◆ **YOUR OBJECTIVE**: Across the data below, in how many lines does the word "will" appear? Give only the number.

◆ **INFORMATION SHOWN**:
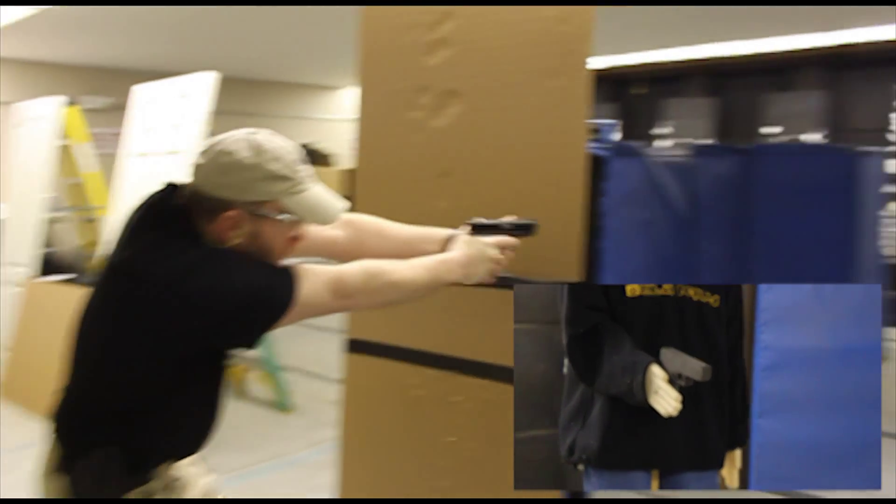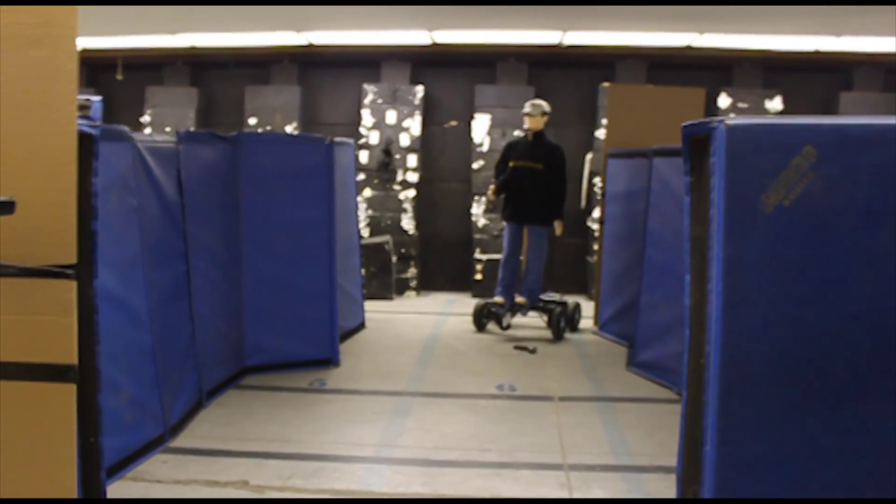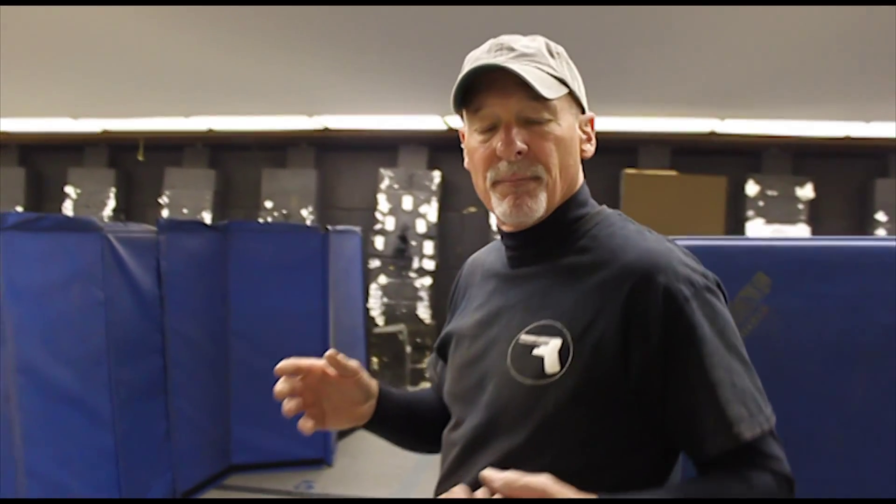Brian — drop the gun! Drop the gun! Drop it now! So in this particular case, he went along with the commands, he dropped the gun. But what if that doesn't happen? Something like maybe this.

==

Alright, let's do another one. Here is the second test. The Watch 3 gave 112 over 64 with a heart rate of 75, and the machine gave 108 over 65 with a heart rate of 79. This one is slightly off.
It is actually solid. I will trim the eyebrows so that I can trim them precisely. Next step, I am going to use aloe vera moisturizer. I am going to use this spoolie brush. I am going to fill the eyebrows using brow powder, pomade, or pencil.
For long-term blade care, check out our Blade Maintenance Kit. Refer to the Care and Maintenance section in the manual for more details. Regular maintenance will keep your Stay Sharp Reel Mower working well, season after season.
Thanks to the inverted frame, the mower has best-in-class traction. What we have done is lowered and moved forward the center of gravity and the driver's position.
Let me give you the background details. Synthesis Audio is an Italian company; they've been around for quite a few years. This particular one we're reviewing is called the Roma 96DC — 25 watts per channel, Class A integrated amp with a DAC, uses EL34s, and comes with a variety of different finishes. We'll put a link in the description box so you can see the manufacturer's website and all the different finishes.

---

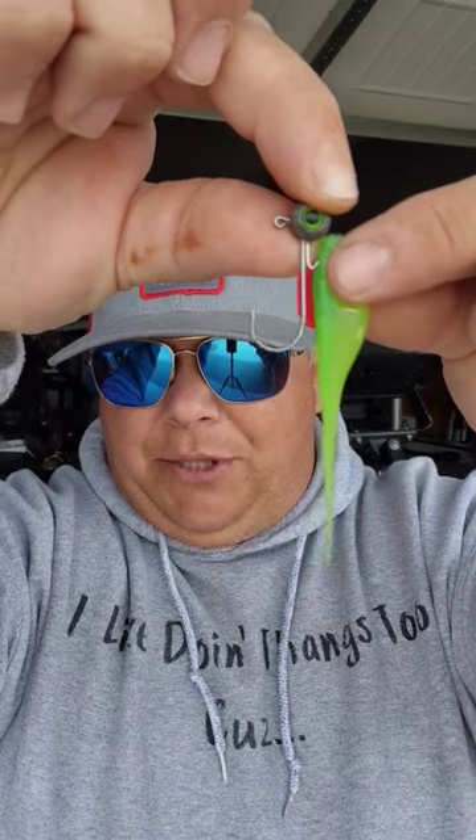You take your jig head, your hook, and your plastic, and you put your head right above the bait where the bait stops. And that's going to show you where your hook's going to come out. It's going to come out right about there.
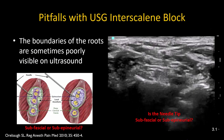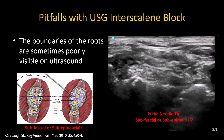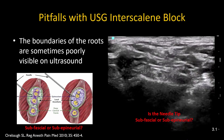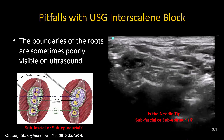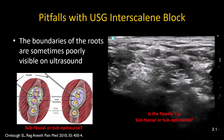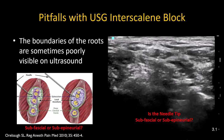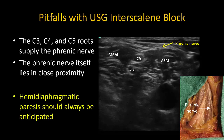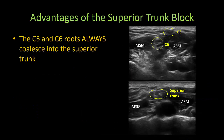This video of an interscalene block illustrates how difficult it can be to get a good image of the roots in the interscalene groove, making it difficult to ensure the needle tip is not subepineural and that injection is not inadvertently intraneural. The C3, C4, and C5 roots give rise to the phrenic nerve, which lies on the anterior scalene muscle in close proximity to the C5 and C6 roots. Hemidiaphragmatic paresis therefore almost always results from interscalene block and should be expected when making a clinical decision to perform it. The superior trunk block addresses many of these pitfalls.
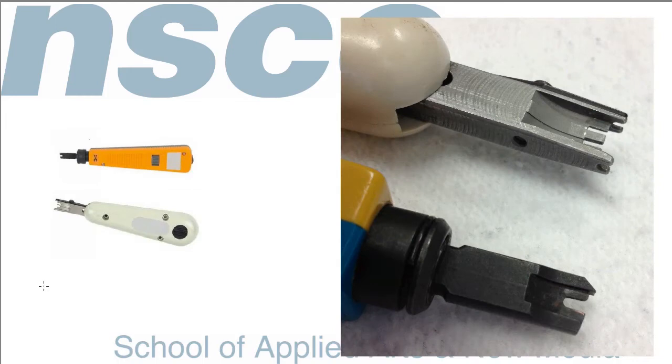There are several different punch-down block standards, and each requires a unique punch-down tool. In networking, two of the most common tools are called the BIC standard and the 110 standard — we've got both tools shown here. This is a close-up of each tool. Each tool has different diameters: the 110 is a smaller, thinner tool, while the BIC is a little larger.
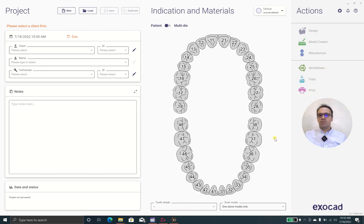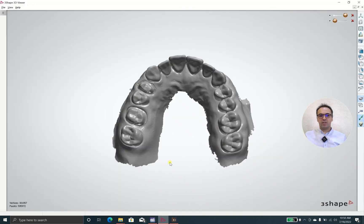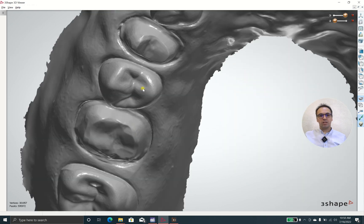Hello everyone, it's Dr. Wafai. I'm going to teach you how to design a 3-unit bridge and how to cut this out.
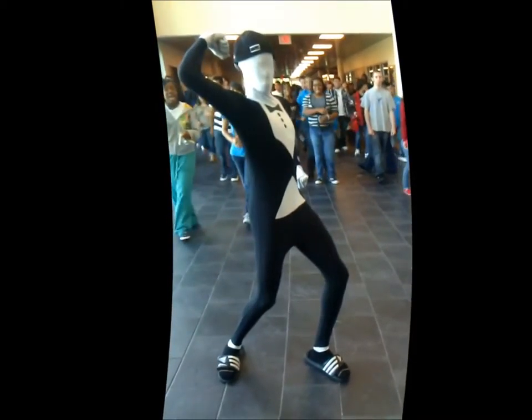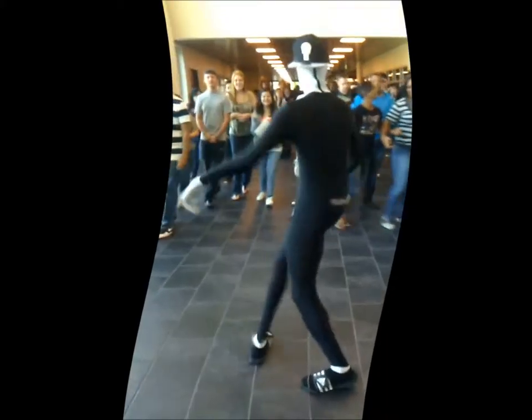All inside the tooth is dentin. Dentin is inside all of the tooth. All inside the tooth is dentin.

◆ **SOLUTION TO THIS EXERCISE**: 2